Wednesday, October 10, 2012
A Gorey-esque Knight
This past weekend, we visited the newly expanded American Swedish Institute in Minneapolis with visiting family members. The original portion of the museum is housed in a home/castle built in 1908 for Swedish immigrant publisher Swan Turnblad. Mr. Turnblad donated the home to the Institute in 1929, and it has been a center for cultural events since that time.
The home itself is a structure worthy of Edward Gorey's imagination, with turrets, crazy passages and rooms, carvings inside and out, and a second floor conservatory over a porte cochere. At the turn of the grand staircase is the entrance to the elevated conservatory, and this entrance is surrounded by a wall of pictorial stained glass. Comprised of three individual stained glass windows the wall showcases one large horizontal street scene depicting an event in Sweden's history which spans the length of the landing, and two smaller windows on either side of the doorway into the conservatory, each showing a knight.

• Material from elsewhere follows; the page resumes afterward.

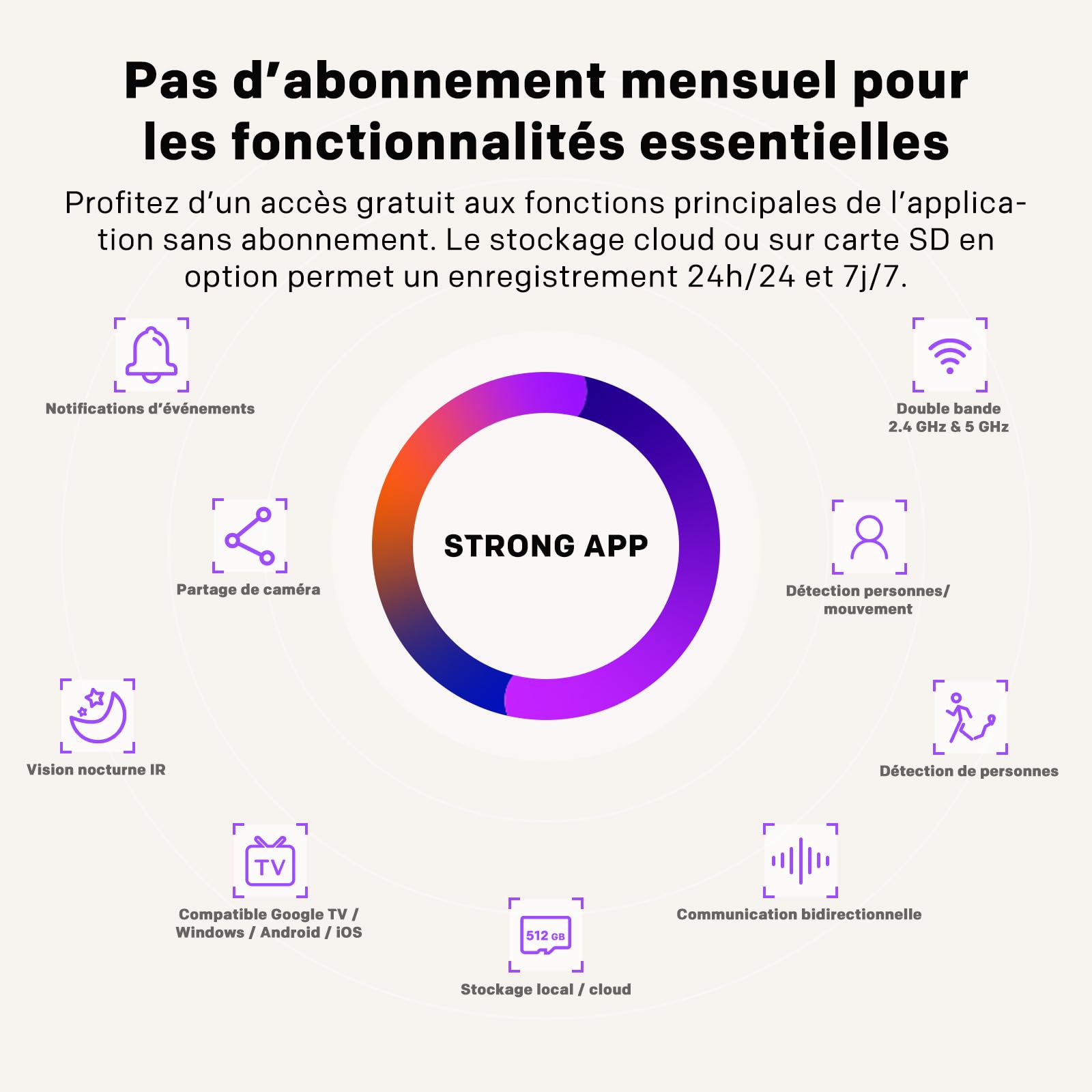 STRONG - Caméra de sécurité intérieure Smart Home 8MP, 4K, Vue panoramique 360, Alerte Mouvement, Compatible Wi-FI, Application de contrôle, Montage sur Table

The knight to the right of the doorway looks as if it has stepped out of an Edward Gorey drawing from the John Bellairs book series. Everything about this guardian reminded us of Gorey's work, from the stance, to the detailed painting, and the colors chosen. What really changes this from a standard stained glass depiction of a knight guarding an entrance is the head of the knight. The faceless armor is all the more striking because of the eyes looking out from the slits in the face mask. These eyes stare out at passerby and follow you wherever you go on the landing! We expected to be stopped and questioned as we passed by.